By then we were hungry, so got shish, falafel and noodles and sat in the park, in the warm October sun. (What?)

We had guests coming to tea, so I went to Sainsburys to get some angel cake, Tunnocks caramel wafers, and digestives.

Around 2pm, I joined a Skype call with Sara and Liz in Washington, at the Smithsonian. Our calls, while always focussing on next steps and progress, are always filled with laughter and lots of jokes. It was funny introducing Thibaut and Amy to the style of “business meeting” we’ve had with the Smithsonian folks for almost two years now, every week. They are true partners, and real friends. Schemes continue.

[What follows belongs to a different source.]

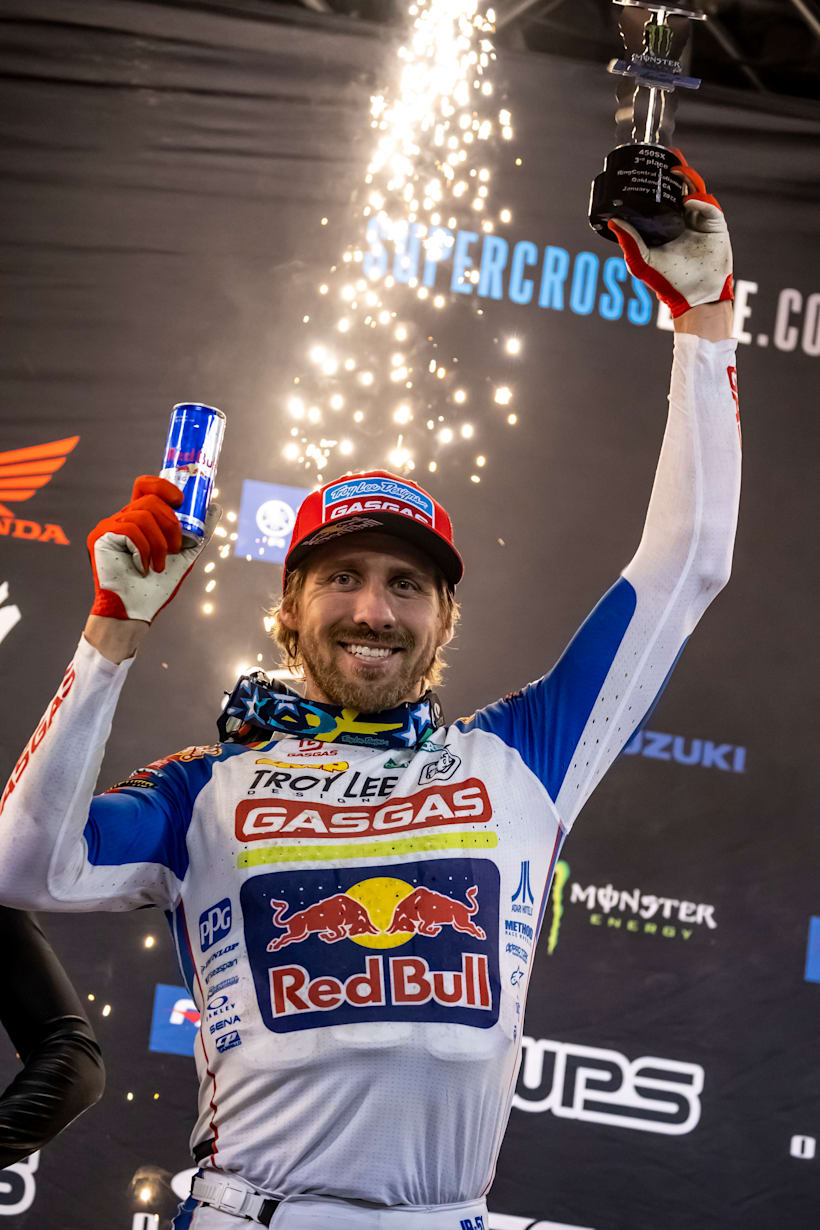 O Justin Barcia γιορτάζει στο at Round 02 του 2022 AMA Supercross Series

Next I talked to an insurance broker who I’d never met and knew nothing about us, who asked me the sort of new and neutral questions I generally enjoy, probing for the edges of our operation in the hope of describing it adequately for potential providers. It turns out we’ve built a small but international business with a growing network of collaborators and other service providers so that’ll probably be complicated and expensive. Ho hum.

Sara and I had been interviewed the week before by a video press blog in Los Angeles who liked what Museum in a Box is and was going to make an article about us. I wrote to them to ask how it was going, and they told me the video piece was already online. I watched it, and so have 116,000 other people by now. WTF. Great! (That explains the influx of hello emails we got on Monday from teachers in the USA who would all like boxes please.)

Then our afternoon guests arrived, Lucia and Martin, both part of our pilot. It’s lovely that we can meet the London pilots in person, and, over cake, we followed more or less the same script we asked Pat about in the morning. The three stories are each so different, but all united by our simple thing. It’s fascinating how each person has taken the idea and is running with it.

What is a Museum? How might this change it? How could this create a new way to enjoy sound? Could this encourage new collaborations within our museum? Is a Box better than the laptops we have in our Learning Centre? What if the kids pull it apart? We visit museums 2–3 times a year and the kids have to pay a bit of money for that. Wouldn’t it be great to get a sponsor to help with the pilot?

It’s such a thrill to be engaging with our pilots like this. Having thought and dreamt about Museum in a Box in relative isolation for a while now, this user research and conversations we’re having are enlightening and exciting, especially for me, because they’re making me see what we’re making from new points of view. It’s refreshing and inspiring, and there’s another 36 or so to go.

Oh, and, got a note from a chap in Singapore who wants to tinker with a Box to make a series of talking artefacts about Sikh Heritage.

The thing is, when you’re trying to make something new, every day is different, and this was a good one.

By George Oates

I am the Founder of Museum in a Box!